I – Qui est Emilio Berkhoff ?
Emilio Berkhoff, ex-étudiant d’anthropologie de l’Université Catholique de Temuco, pourrait être considéré par le peuple mapuche comme un de plus parmi les Chiliens portant un nom étranger mais, non, Emilio s’est gagné un espace dans le cœur du territoire mapuche.
Motivé par de justes raisons trempées durant plusieurs années à la chaleur d’un profond esprit de sacrifice, il a décidé d’abandonner son projet de vie antérieur pour aller en compagnie de son épouse et de ses enfants vivre avec le peuple mapuche à la lisière de Lleu Lleu, en affrontant les dures conditions d’oppression, de pauvreté et de réduction auxquelles une grande partie du peuple nation mapuche est aujourd’hui soumise. Mais dans lesquelles il dit espérer élever ses enfants avec de plus hautes valeurs et vivre comme un homme digne.
Emilio a déclaré être sympathisant idéologique de la CAM (Coordination Arauco Malleco), motif pour lequel il a été condamné à rallonger la liste des prisonniers politiques mapuche. Pourquoi ? Le 2 février 2013, le ministre de l’Intérieur, Andrés Chadwick, l’a accusé publiquement et sans aucune preuve (Emol 02/02/13) d’être le principal dirigeant violent de l’Araucania et du Bio Bio. Le même jour et après sa mise en accusation, ce « dirigeant terroriste » s’est trouvé contraint de signer au commissariat tous les 15 jours. « Il doit payer pour ses fautes », a déclaré S. Piñera quelques jours plus tard depuis Talcahuano (Emol, 15/05/13).
Cette condamnation politique a poussé Emilio et sa famille dans un trouble procès judiciaire qui n’a jamais été un procès équitable.
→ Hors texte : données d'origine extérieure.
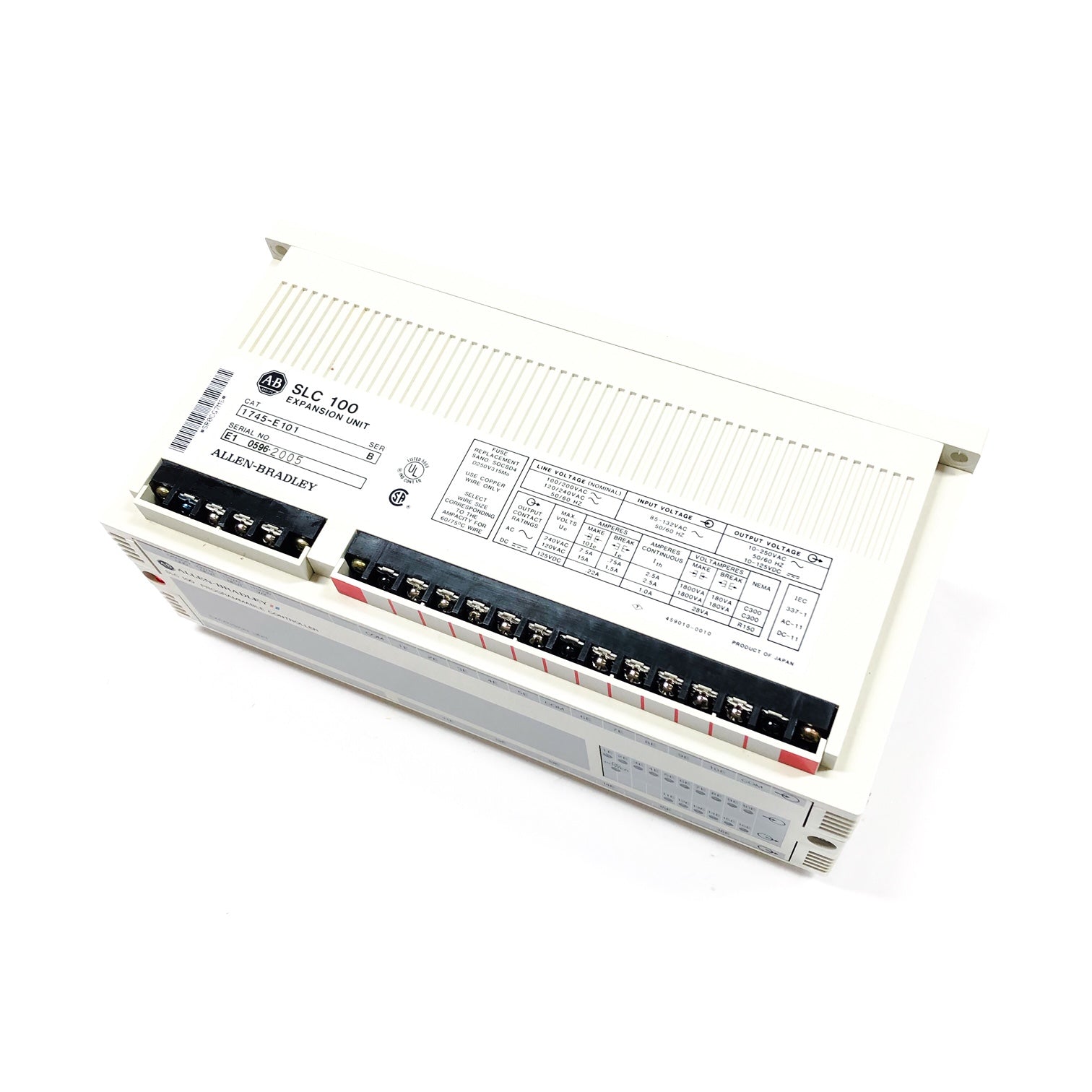 1745-E101 Allen Bradley Programmable Logic Controllers SLC 100 Expansion Unit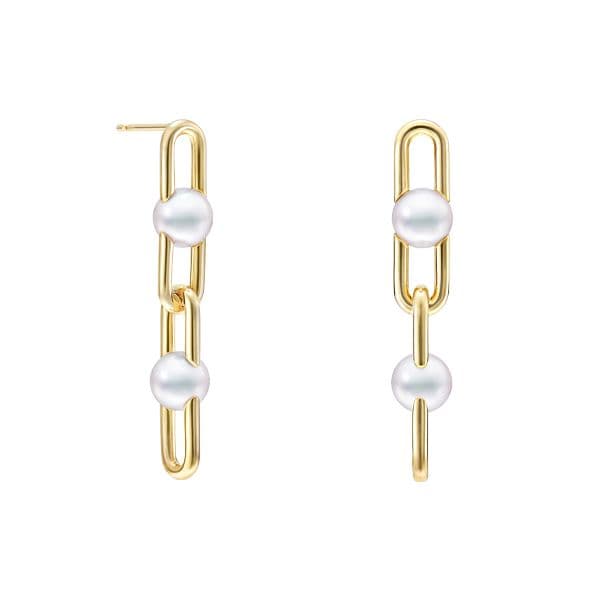 fine links Earrings — E-4477-18KYG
Ainsi, le gouvernement a prétendu donner un châtiment exemplaire à la jeunesse chilienne et mapuche en violant sa propre loi.
II – Harcèlement, clandestinité et prison
Emlio Berkhoff a subi un harcèlement permanent au cours de sa détention, une prolongation excessive de sa détention préventive. Il a été soumis à une enquête du juge d’instruction menée sous le sceau du secret judiciaire qui a utilisé des témoins « non identifiables » pour unique preuve de l’inculpation d’Emilio – témoins utilisés uniquement pour les inculpés jugés « en vertu de la loi antiterroriste ». De plus, il a eu pour accusateurs des plaignants de la dimension des entreprises forestières Forestal Arauco, Forestal Mininco, Forestal Volterra et le Ministère Public (le Parquet). En conséquence, Emilio et sa famille ont dû afronter un très dur procès judiciaire pour des accusations mineures telles que « violences à l’encontre de policiers » qui ont débouché sur un harcèlement d’une telle envergure de la part des appareils de renseignements et de la police judiciaire qu’à plusieurs occasions, l’intégrité de sa famille a été mise en danger.
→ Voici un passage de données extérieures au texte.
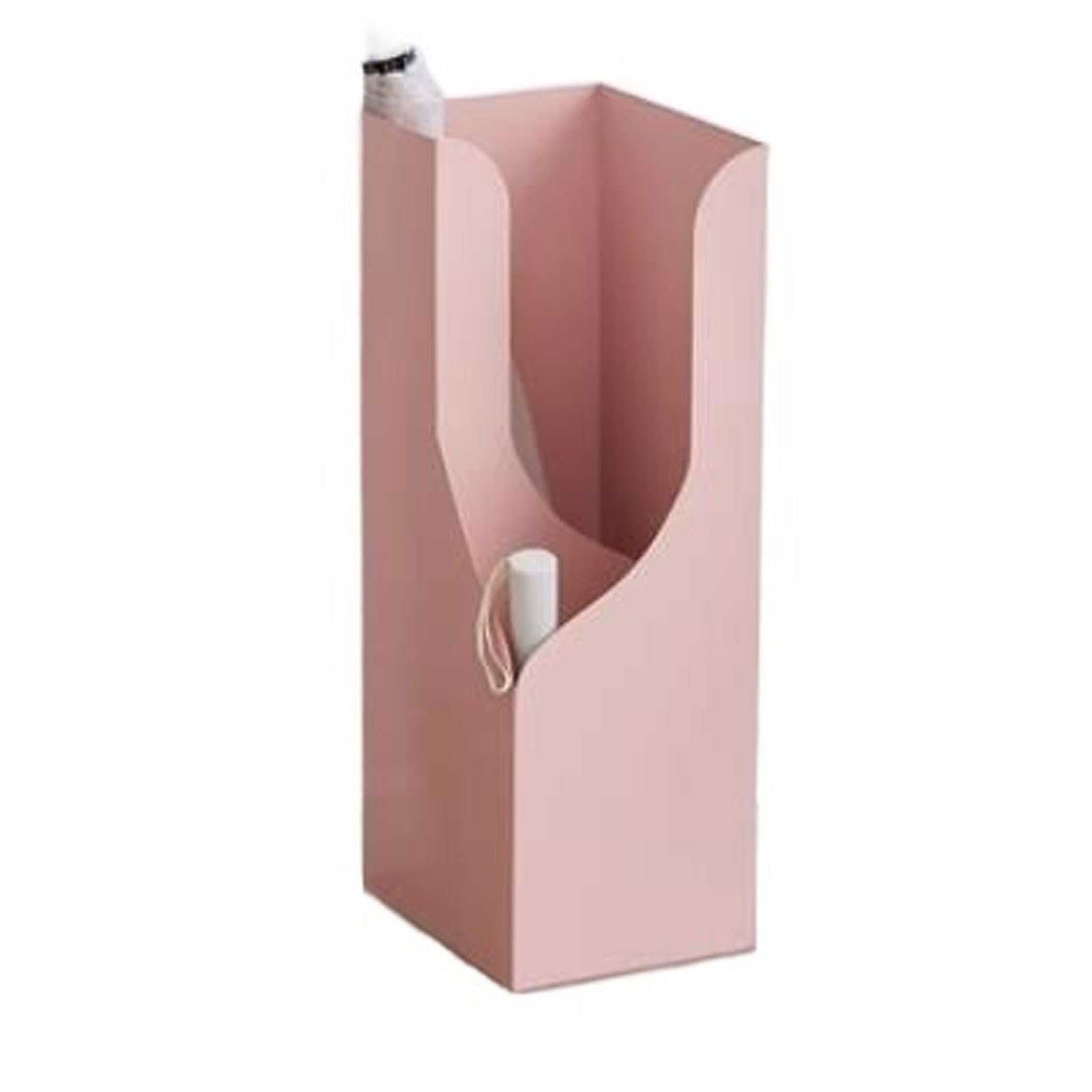 Lizhuzhuzs28 Freestanding Double Layer Umbrella Stands Holder for Entryway, Stand Free Standing Bucket Bin for Home Office Decoration, for Long & Folded Canes Walking Sticks Office(Pink)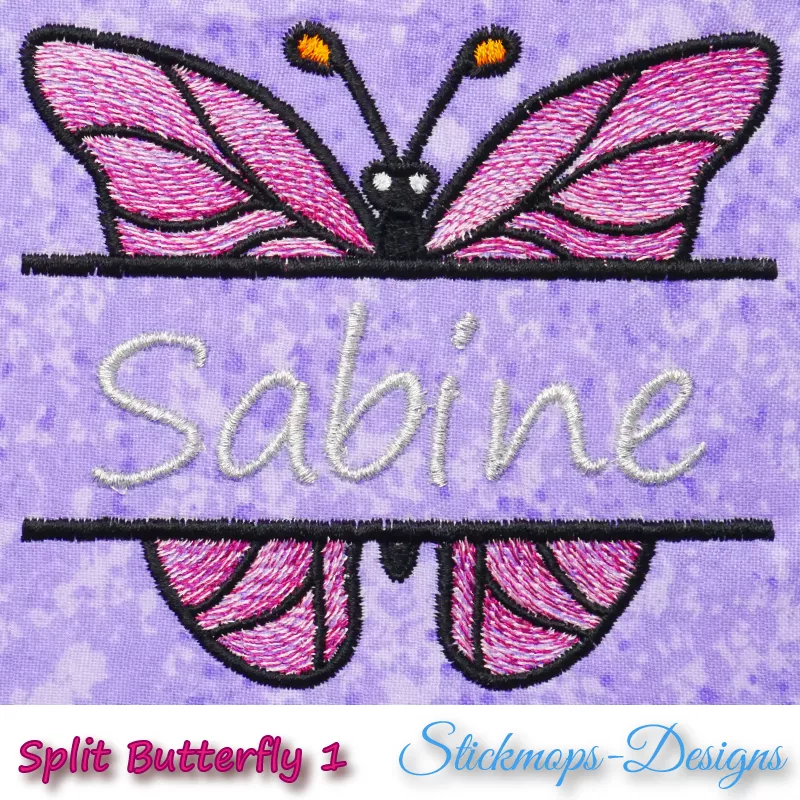 Stickdatei Split Butterfly 1 Stickdatei Split Butterfly 1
Cerné depuis le 21 mars 2013 en raison d’une assignation à résidence et de violentes perquisitions simultanées à son foyer et à celui de sa mère, Emilio a dû opter pour la clandestinité, situation qu’il a maintenue pendant 40 jours jusqu’à la nuit du 14 mai 2013 où il a été intercepté alors qu’il circulait sur un sentier, dans les environs de Puerto Choque. Il a dû se rendre à ceux qui l’ont arrêté. S’il avait fui, il serait tombé abattu d’une balle dans le dos, comme Matias Catrileo.
Emilio a déjà purgé plus de 10 mois de prison. Entre les barreaux de sa petite cellule de Lebu, flotte un drapeau bleu avec une étoile blanche avec huit points, c’est le drapeau de Lautaro qui, autrefois, a parcouru tout le territoire mapuche pour mener son peuple contre l’envahisseur. Drapeau qui flotte en signe d’intégrité et de dignité.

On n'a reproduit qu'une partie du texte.